Joseph Morango was deemed winner of the competition because he finished the most wave rides without crashing into a tourist, visitor, swimming kid, or flotation device left abandoned by anyone else at The Cove on the day.
“I was just trying not to fall, to be honest,” Morango said after the 4-hour event sponsored by Maui Insight. “That final 2-footer was a challenge because it seemed so slow, and there were so many people standing on the shallow ocean floor right in the way, that I felt like I had to slalom a little bit to make it to shore.
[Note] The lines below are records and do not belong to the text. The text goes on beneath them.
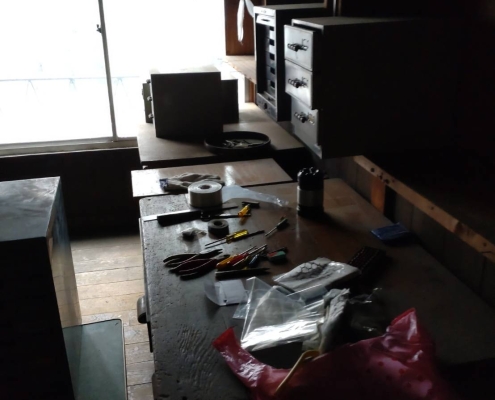 片付け前の作業台に残されたドライバーやペンチなどの工具類と電子部品の仕分け前の様子|東京都の工場片付け作業現場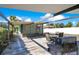 Backyard patio with covered seating and grill at 1133 N Brunnell Pkwy, Lakeland, FL 33805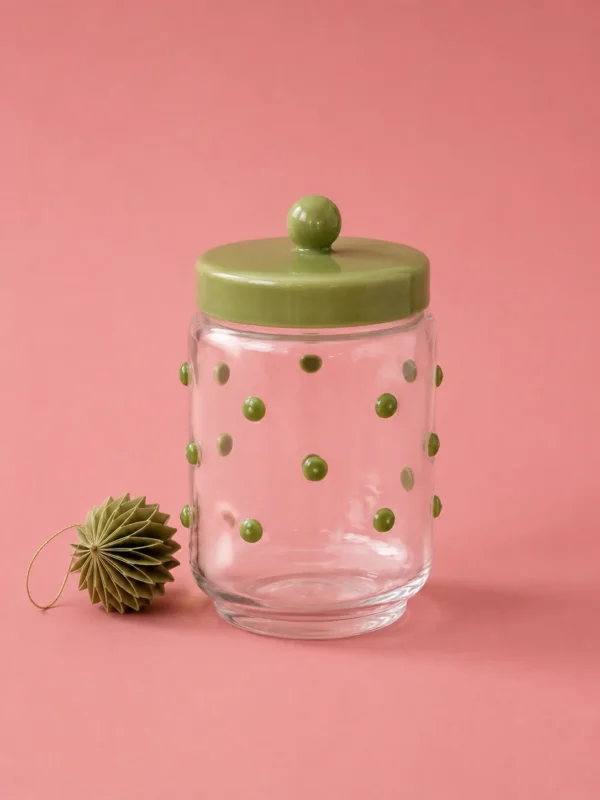 Clear glass storage jar with green polka dots and a green lid on a pink background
Now I know how Mikaela Shiffrin must feel on the slopes.”
The judges were impressed.
“Out of the dozens of competitors, that guy seemed to stand out because he kept making it to the shore without getting knocked off by the crowd, or something floating in the water that someone lost control of,” said Pete Evanston, manager of a Boss Frog’s in Kihei and part of the 3-judge panel. “On one wave I actually saw him swerve back and forth, the last because a snorkeler popped his head up out of nowhere.”
Morango had just learned to surf last Thursday.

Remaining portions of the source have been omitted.